Une triste façon de satisfaire à la demande

Les vendeurs de kush ont été incité à dérober les tombes pour satisfaire à la demande. En réponse, le gouvernement a déployé des policiers dans les cimetières pour les protéger et empêcher les gens de désenterrer les cadavres.

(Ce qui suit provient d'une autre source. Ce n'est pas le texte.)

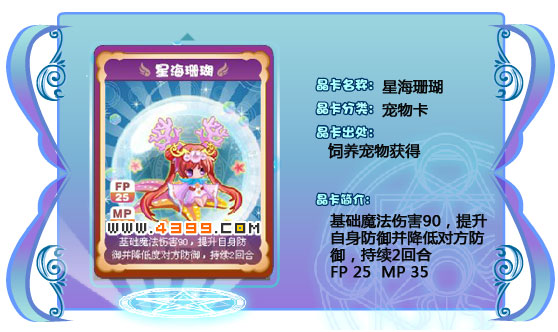 奥雅之光星海珊瑚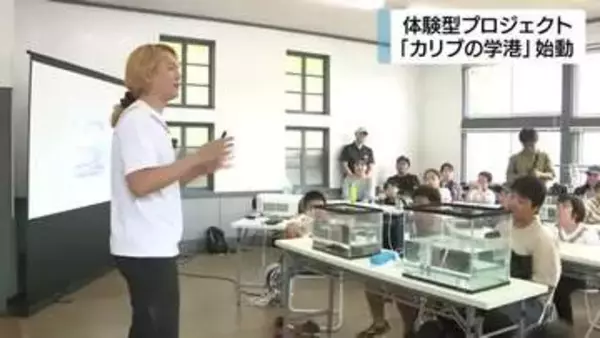 静岡・下田市で体験型プロジェクト『カリブの学港』始動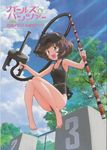  akiyama_yukari black_swimsuit brown_eyes brown_hair cloud cloudy_sky copyright_name day from_below girls_und_panzer goggles holding jumping measuring_stick messy_hair official_art one-piece_swimsuit open_mouth outdoors pool scan short_hair sky smile snorkel solo sugimoto_isao swimsuit tree 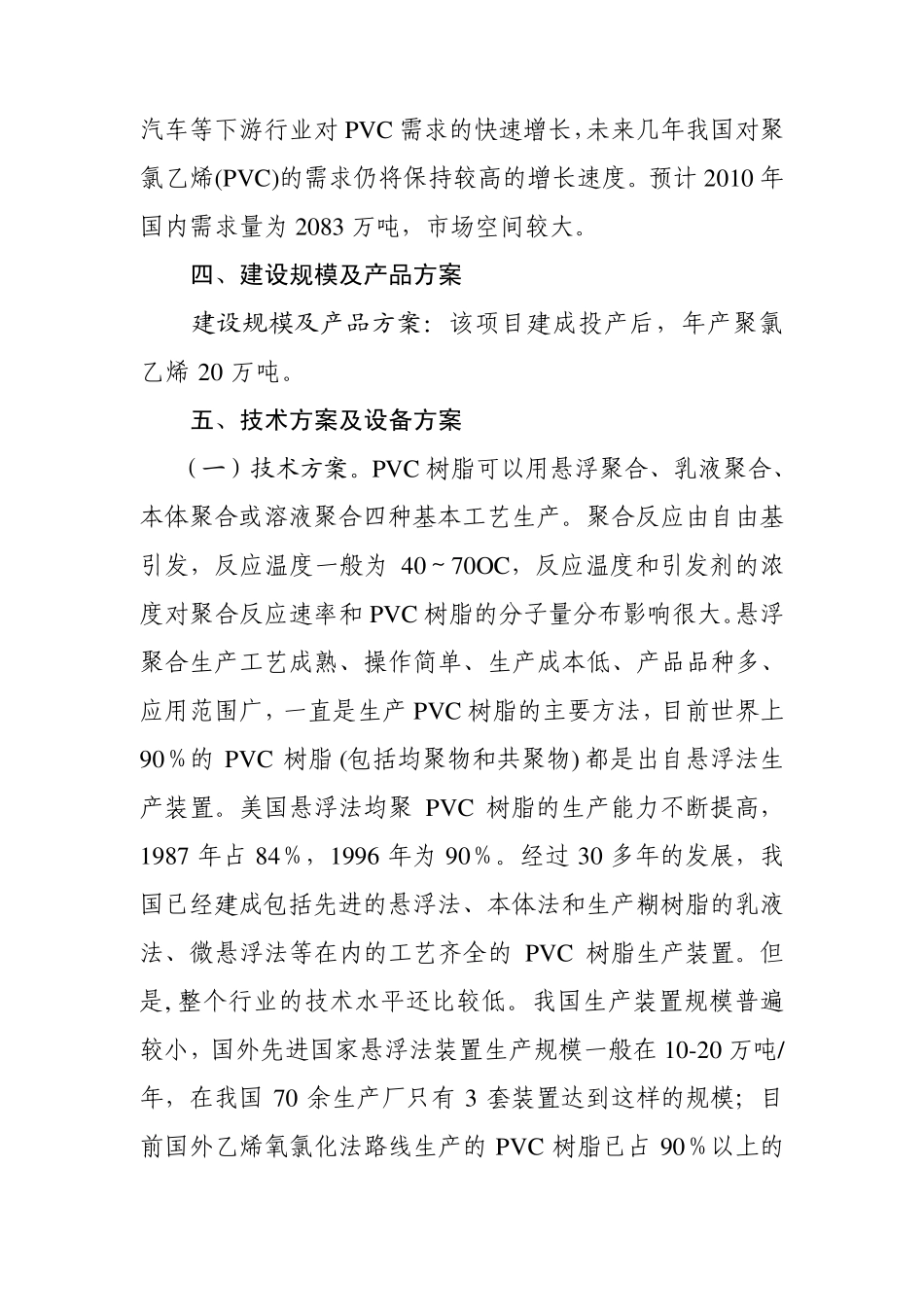 20万吨年聚氯乙烯_第3页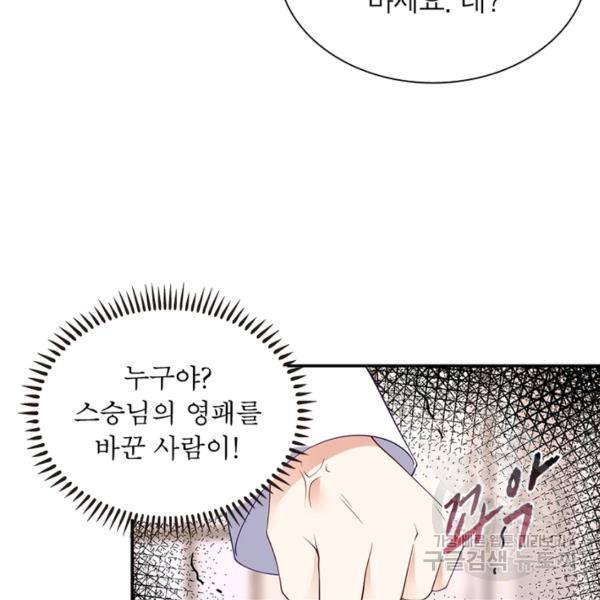 인생 3회차 스승님 98화 6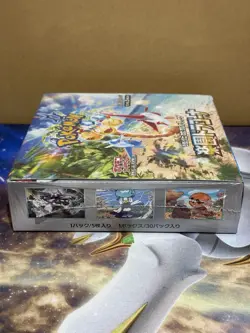 Paradise Dragona SV7A Sealed Booster Box Japanese Pokemon Card Game #2 - Image 4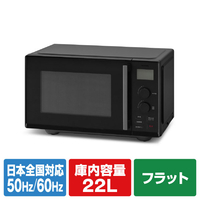 あたため専用電子レンジ|エディオン公式通販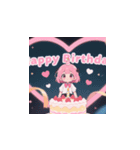 ピンクナナ「お誕生日おめでとう」（個別スタンプ：12）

Le président Bio a aussi ordonné aux responsables de créer une force opérationnelle nationale sur les drogues et l’abus des substances, qui se concentrera principalement sur la lutte contre la crise du kush. Il déclare qu’il veut que des centres de réhabilitation soient établis dans chaque district et soient « suffisamment pourvus en personnel avec des professionnels chevronnés pour offrir des soins et un soutien aux personnes toxicomanes », selon un reportage de la BBC.

 

« Maintenant que le gouvernement a déclaré un état d’urgence lié au kush, nous devrions utiliser l’autre mécanisme ou phase de mise en place comme celle effectuée pour Covid-19 et l’Ebola de façon à employer ces structures : communautaires, sanitaires et psycho-sociales. Et les structures de responsabilisation des communautés », a déclaré Habib Taigore Kamara, directeur exécutif de Social Linkages for Youth Development and Child Link, à AfricaNews

 

Les analystes déclarent que le fléau s’est maintenant propagé au pays voisin de Guinée, où dix décès liés au kush ont été enregistrés cette année, at au Liberia.